Corticosteroids use remains controversial and debatable. Studies regarding corticosteroids use have only been done in the pediatric population. Three randomized placebo-controlled trials have been carried out in the pediatric age group. Ronkainen et al. included 171 children in their study to evaluate the efficacy of early prednisone therapy in preventing renal symptoms and treating renal and extrarenal symptoms. Prednisone (1 mg/kg/day for two weeks with weaning over the subsequent two weeks) was effective in alleviating abdominal pain and joint pain but did not prevent the development of renal symptoms [12]. Huber et al. included 40 children in their study to assess whether early corticosteroid use reduces the rate of renal or gastrointestinal complications. They reported that early prednisone (2 mg/kg/day for a week with weaning over the second week) did not reduce the risk of renal or gastrointestinal complications [13]. Lastly, Jauhola et al. reported that although prednisone alleviates symptoms related to IgAV, it did not alter the clinical course in 223 children [14]. There are several limitations to these studies: diagnosis of IgAV was not biopsy-proven; the short duration of corticosteroid therapy; and follow-up duration was less than a year. Besides, there is no available data from randomized controlled trials comparing the use of glucocorticoid versus supportive treatment for IgAV with renal involvement in adults. In fact, current recommendations by Kidney Disease: Improving Global Outcomes (KDIGO) guidelines are based on studies performed in patients with IgA nephropathy. One landmark randomized controlled trial by Locatelli et al. included patients with IgA nephropathy with proteinuria of 1-3.5 g/day and serum creatinine <1.5 mg/dL. These patients received intravenous methylprednisolone 1 g/day for three consecutive days at the beginning of months one, three, and five, and oral prednisone 0.5 mg/kg on alternate days for six months [15]. The study showed that those patients who received steroids had a significantly better 10-year renal outcome compared to the patients who received only supportive measures [15]. The corticosteroids regime has since been named as Pozzi-Locatelli regimen and it has been the recommended treatment by KDIGO for patients with IgAVN with moderate/severe proteinuria and eGFR >50 mL/minute [16].

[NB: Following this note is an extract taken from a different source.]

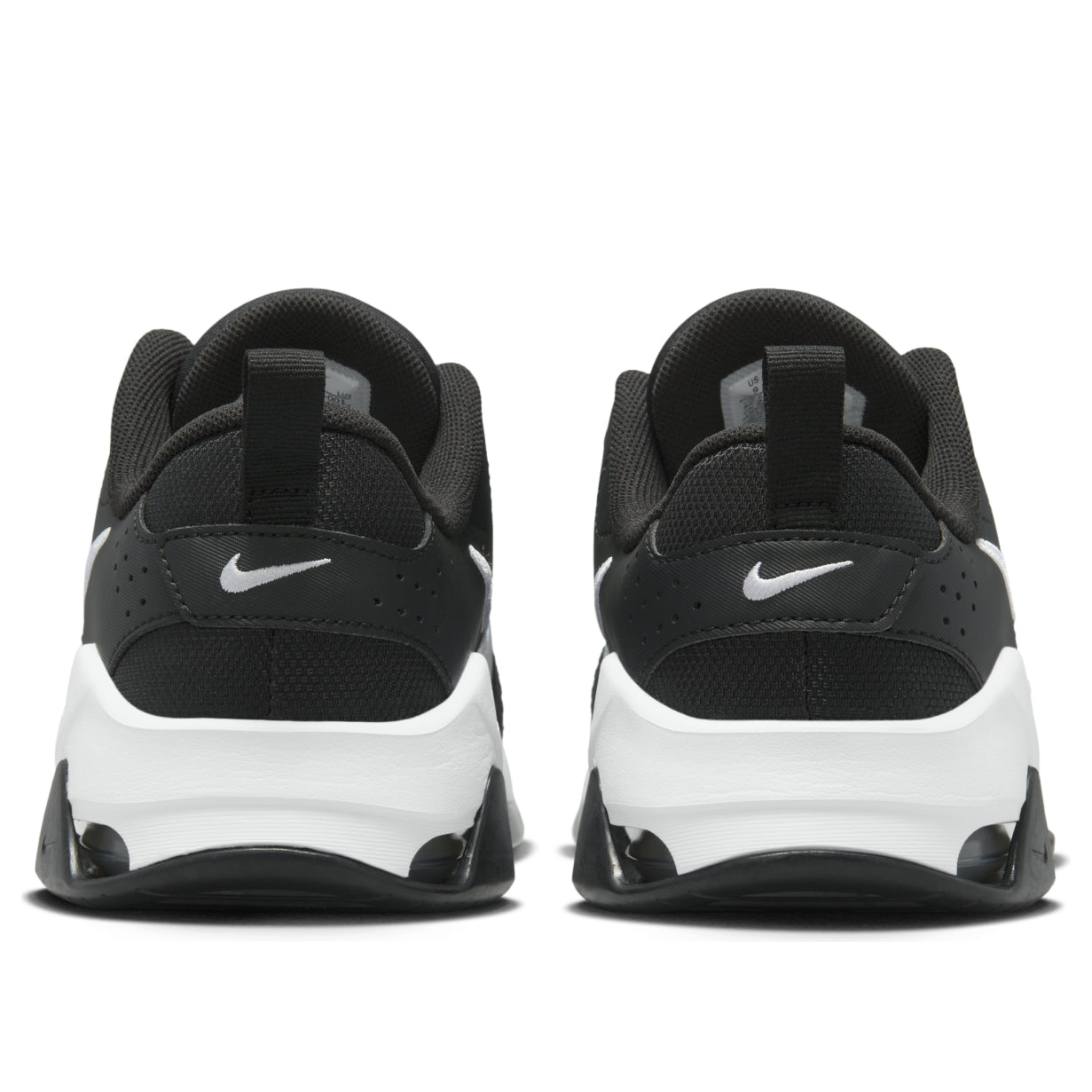 (WMNS) Nike Zoom Bella 6 'Black White' DR5720-001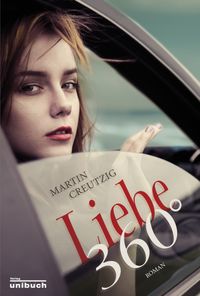 Cover Liebe 360°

Cyclophosphamide use is controversial as a randomized trial by Pillebout et al. has demonstrated that cyclophosphamide did not show significant benefit compared to treatment with steroids alone [17]. Studies of rituximab use have been limited to several case series, and successful remissions have been reported in cases refractory to corticosteroids therapy [18]. A retrospective study by Ren et al. reported that patients treated with mycophenolate mofetil (MMF) achieved a higher disease remission rate, suggesting that a combination of MMF with low-dose steroids may be as effective as high-dose steroids alone [19]. Data with regard to cyclosporine use is relatively scarce. Case series by Kalliakmani et al. have described five patients who achieved complete or partial remission at the five-year follow-up after treatment with a combination of cyclosporine and prednisone [20]. There are no available studies about azathioprine use in adults with IgAV. However, studies in pediatric populations have shown promising results as azathioprine was shown to improve the clinical course of nephritis as well as induce disease remission; however, these results involved small sample sizes.

Conclusions

In summary, adult-onset IgAV is a rare disease associated with severe clinical course and poor outcomes. Due to the high frequency of renal involvement and associated poor prognosis, physicians should consider IgAV as a differential diagnosis when patients present with the classic tetrad. Management of adult-onset IgAV with severe renal involvement is undoubtedly not as straightforward compared to its pediatric counterpart due to the lack of available clinical trials in adult populations. Large randomized controlled trials are required in adult populations in order to guide better management in the future.